-- Data records follows --
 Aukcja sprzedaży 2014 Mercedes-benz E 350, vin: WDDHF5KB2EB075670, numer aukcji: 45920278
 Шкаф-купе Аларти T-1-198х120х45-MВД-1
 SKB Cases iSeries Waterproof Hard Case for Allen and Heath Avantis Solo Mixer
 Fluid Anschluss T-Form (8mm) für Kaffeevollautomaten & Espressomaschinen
-- Data records concluded --
-- Data records follows --
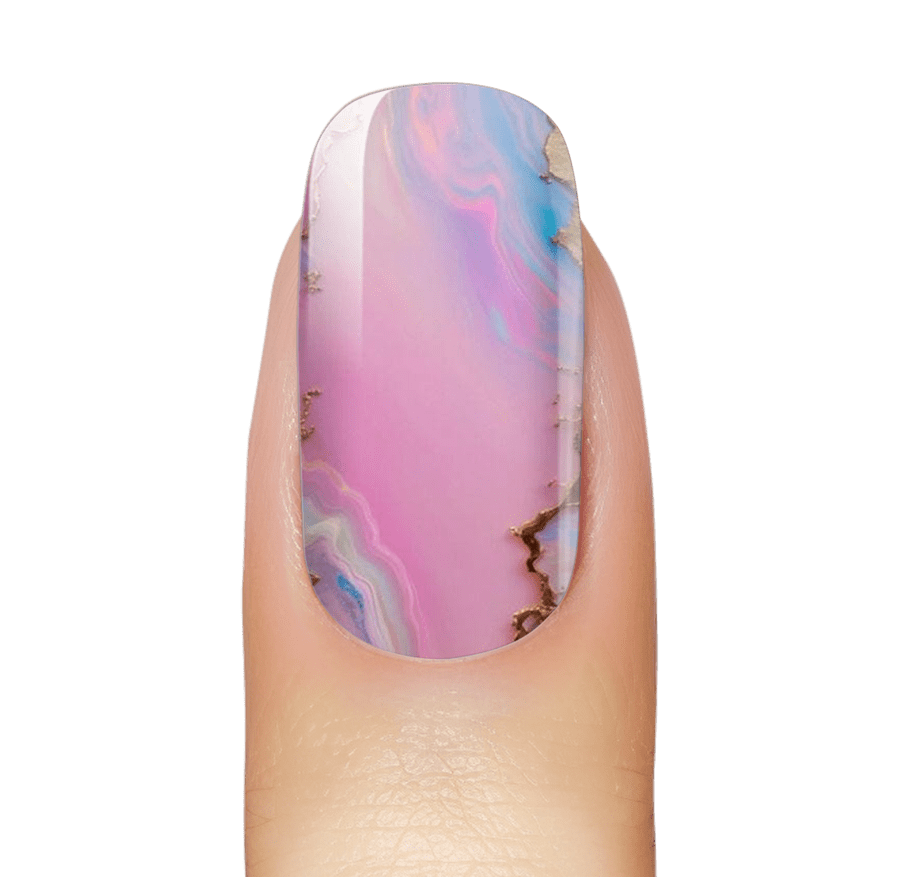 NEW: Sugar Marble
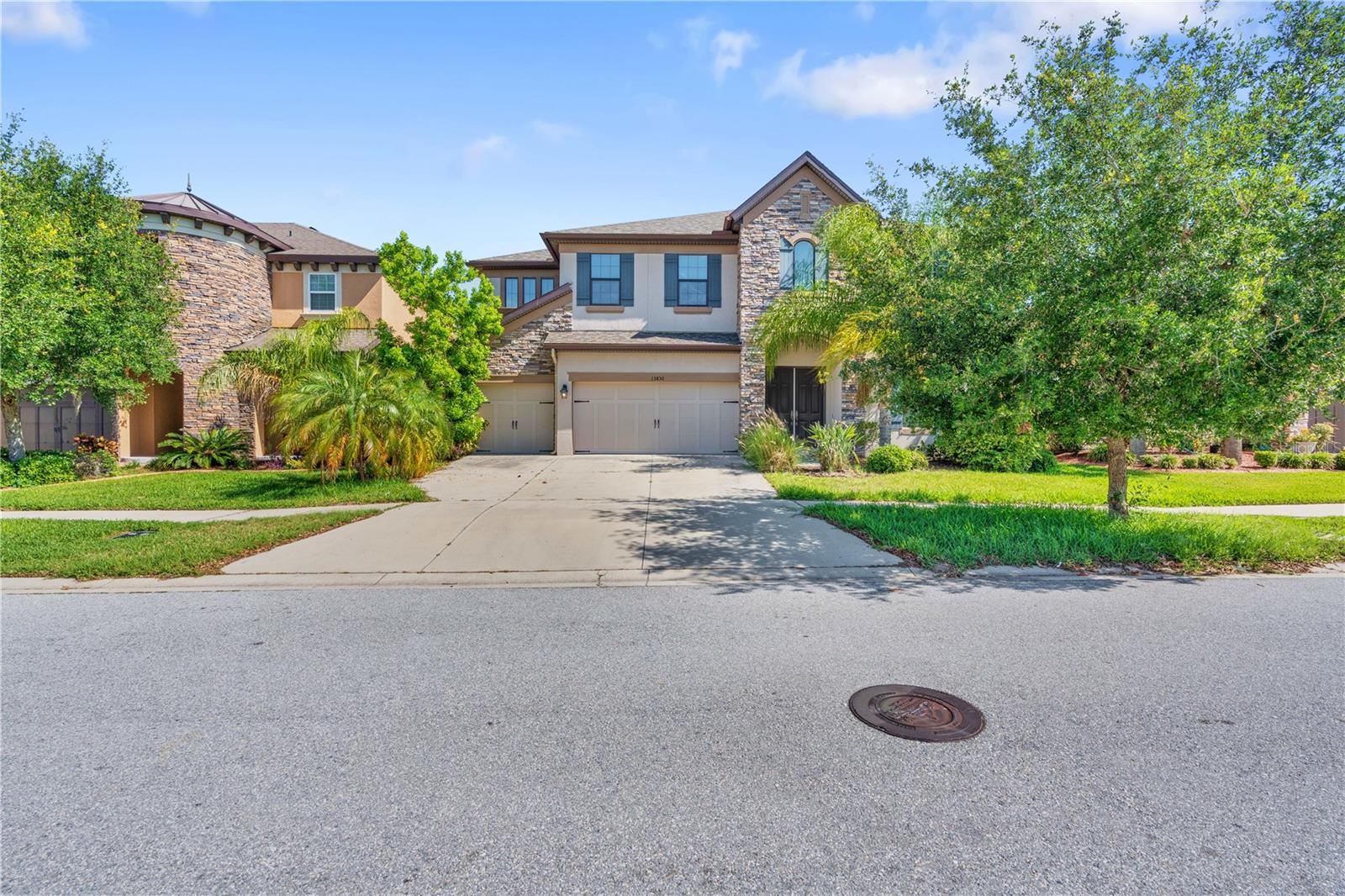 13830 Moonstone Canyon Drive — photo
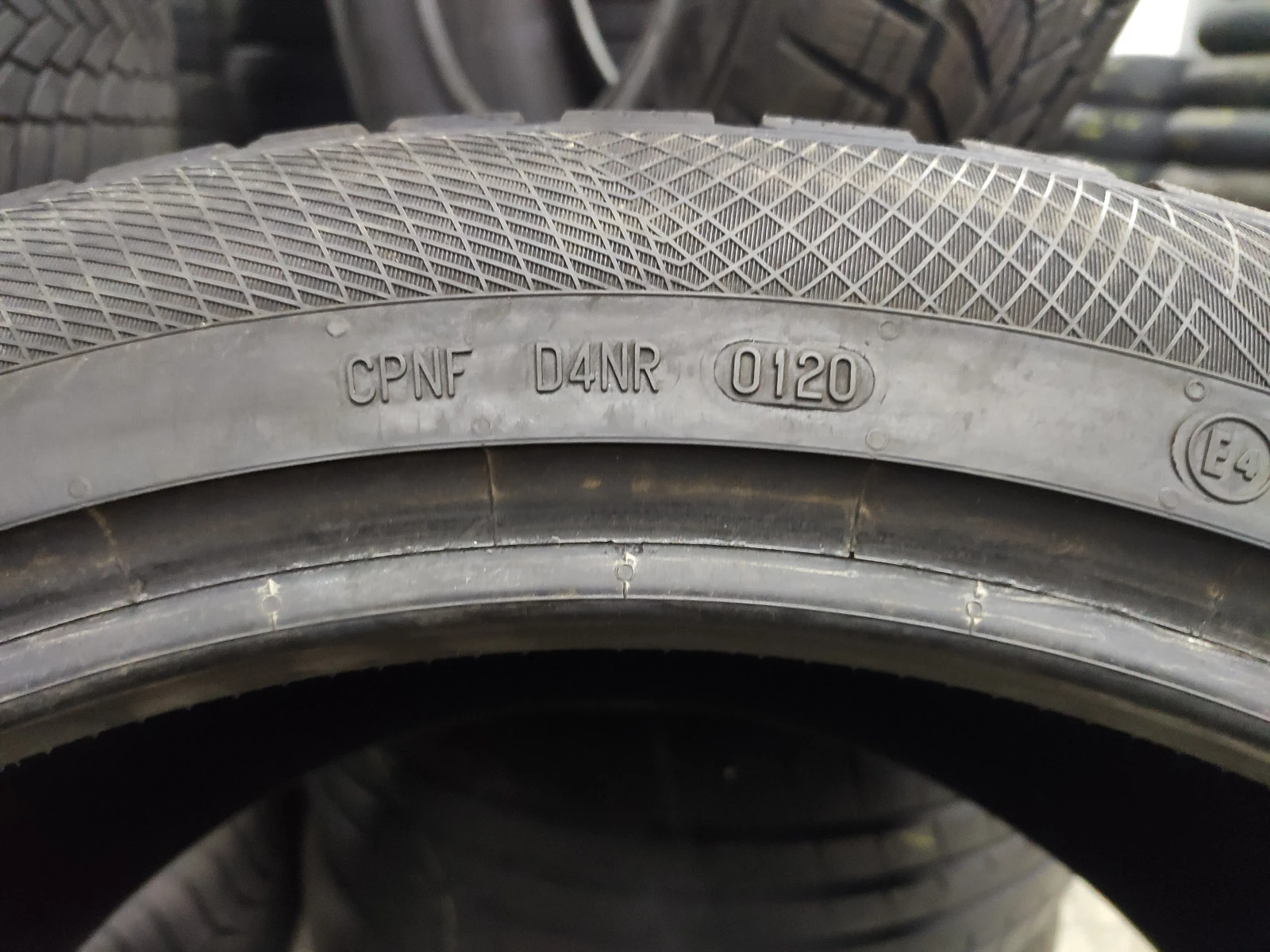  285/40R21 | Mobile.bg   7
-- Data records concluded --
How to complete this task:
Referring to the material above, set down exactly the lines between the line with "SKB Cases iSeries" and the line with "Fluid Anschluss T-Form", inclusive, and no other lines.

Solution for this problem:
 SKB Cases iSeries Waterproof Hard Case for Allen and Heath Avantis Solo Mixer
 Fluid Anschluss T-Form (8mm) für Kaffeevollautomaten & Espressomaschinen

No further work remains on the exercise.